The sixteenth edition of the Global Innovation Index, GII 2023, released recently, identifies India as the topmost innovation out-performer, given its level of economic development.

But while India has improved its position in the innovation output subindex from 39 in the previous year to 35, its position in the input subindex (institutional facilitators such as infrastructure, markets and human capital among others) has fallen from 42 to 46. As a result, India continues to remain at 40th position in the GII 2023, whereas it had climbed 6 positions in GII 2022.

This fall in the input subindex provides some key messages for the policymakers and industry in India.

In the R&D input sub-pillar, India’s position declined from 26 in 2022 to 32 in 2023 due to a fall in the R&D-GDP ratio from 0.7 per cent to 0.6 per cent. This despite the government efforts to raise it to above 2 per cent.

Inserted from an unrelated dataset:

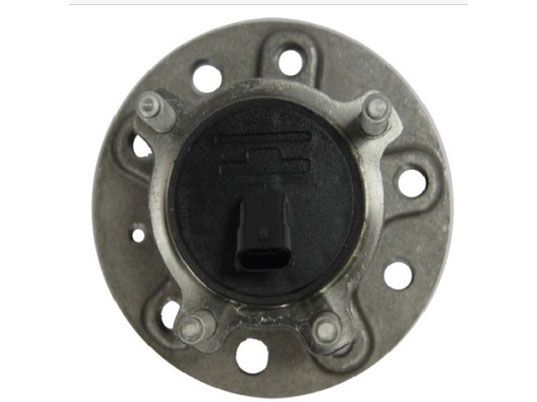 512307 Wheel Hub Assemblies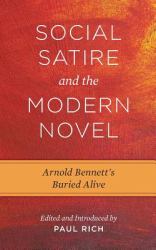 Social Satire and the Modern Novel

The corporate sector’s low R&D spending is the major reason for India lagging behind its peers in R&D-GDP ratio.

But there are issues regarding India’s R&D statistics. Improving the quality of R&D statistics will help in well-informed policymaking.

Tata’s journey

Out of the 112 firms listed by the GII report, the only firm from India is Tata Motors. The EU Industrial R&D Scoreboard of 2022 shows that Tata Motors has become the most R&D intensive automotive firm globally. The Scoreboard provides the details of globally leading 2,500 R&D performing firms, across sectors.

Tata Motors is more R&D intensive (percentage of R&D spending to sales) than global leaders such as Volkswagen and Toyota Motor and it has overtaken Hyundai Motor and Suzuki Motor in the quantum of R&D spending. What does the experience of Tata Motors on the R&D front tell us?

Ratan Tata’s move to enter into passenger vehicles and allocate resources for R&D for development of cars despite the resistance from a section of the shareholders needs to be acknowledged. Nano was a disruptive innovation, although it could not make an impact in the market.

The Tata group also made it to the sixth position in Boston Consultancy Group’s list of Most Innovative Companies in the World in 2008, just behind Apple, Google, Toyota, General Motors and Microsoft.

While acquiring the innovation capabilities, Tata Motors ventured into outward FDI, both in greenfield and brownfield, to establish a network of R&D centres to tap into global excellence in engineering, design and emerging technologies such as connected cars and electric vehicles.

The UK-based Tata Motors European Technical Centre Plc and Italy based Trilix Srl played a part in the development of Nano and the highly successful Nexon. The policy discussions in India on the enhancement of the innovation capability, however, do not find any mention of the potential role that outward FDI could play.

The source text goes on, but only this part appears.